Entries taken from a collection
_ _ _ _ _

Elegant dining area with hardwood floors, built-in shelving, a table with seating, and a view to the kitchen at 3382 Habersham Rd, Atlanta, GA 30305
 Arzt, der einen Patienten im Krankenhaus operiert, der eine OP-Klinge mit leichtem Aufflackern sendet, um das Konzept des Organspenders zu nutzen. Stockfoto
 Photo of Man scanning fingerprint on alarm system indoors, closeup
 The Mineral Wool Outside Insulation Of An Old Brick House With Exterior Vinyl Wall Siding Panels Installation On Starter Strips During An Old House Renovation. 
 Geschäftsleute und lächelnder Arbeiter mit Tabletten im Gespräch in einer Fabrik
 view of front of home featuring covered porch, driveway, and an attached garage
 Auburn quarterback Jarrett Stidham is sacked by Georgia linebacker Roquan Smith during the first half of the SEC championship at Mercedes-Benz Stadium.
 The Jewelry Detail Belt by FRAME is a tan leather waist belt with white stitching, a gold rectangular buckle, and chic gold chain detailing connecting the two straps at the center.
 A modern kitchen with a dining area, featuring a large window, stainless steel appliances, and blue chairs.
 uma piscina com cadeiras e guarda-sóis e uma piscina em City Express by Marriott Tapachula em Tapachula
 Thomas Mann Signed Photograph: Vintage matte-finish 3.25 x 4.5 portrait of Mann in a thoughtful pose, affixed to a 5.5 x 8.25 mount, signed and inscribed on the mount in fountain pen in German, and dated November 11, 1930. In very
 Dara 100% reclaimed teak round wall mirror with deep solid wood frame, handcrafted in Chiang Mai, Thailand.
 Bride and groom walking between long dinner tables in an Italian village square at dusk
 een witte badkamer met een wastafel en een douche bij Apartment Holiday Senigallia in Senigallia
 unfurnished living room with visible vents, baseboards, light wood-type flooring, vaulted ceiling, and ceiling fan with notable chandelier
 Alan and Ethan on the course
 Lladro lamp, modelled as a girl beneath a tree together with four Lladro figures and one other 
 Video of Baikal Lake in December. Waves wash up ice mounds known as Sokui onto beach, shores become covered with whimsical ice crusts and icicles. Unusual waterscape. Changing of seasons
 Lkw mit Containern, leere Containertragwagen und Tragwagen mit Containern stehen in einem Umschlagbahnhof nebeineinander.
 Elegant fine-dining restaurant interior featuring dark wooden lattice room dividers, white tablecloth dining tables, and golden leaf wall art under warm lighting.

_ _ _ _ _

▶ TASK TO COMPLETE: From the line with "Alan and Ethan on the course" through the final line of the records, return each line exactly. Leave out the rest.

▶ WRITTEN RESPONSE:
 Alan and Ethan on the course
 Lladro lamp, modelled as a girl beneath a tree together with four Lladro figures and one other 
 Video of Baikal Lake in December. Waves wash up ice mounds known as Sokui onto beach, shores become covered with whimsical ice crusts and icicles. Unusual waterscape. Changing of seasons
 Lkw mit Containern, leere Containertragwagen und Tragwagen mit Containern stehen in einem Umschlagbahnhof nebeineinander.
 Elegant fine-dining restaurant interior featuring dark wooden lattice room dividers, white tablecloth dining tables, and golden leaf wall art under warm lighting.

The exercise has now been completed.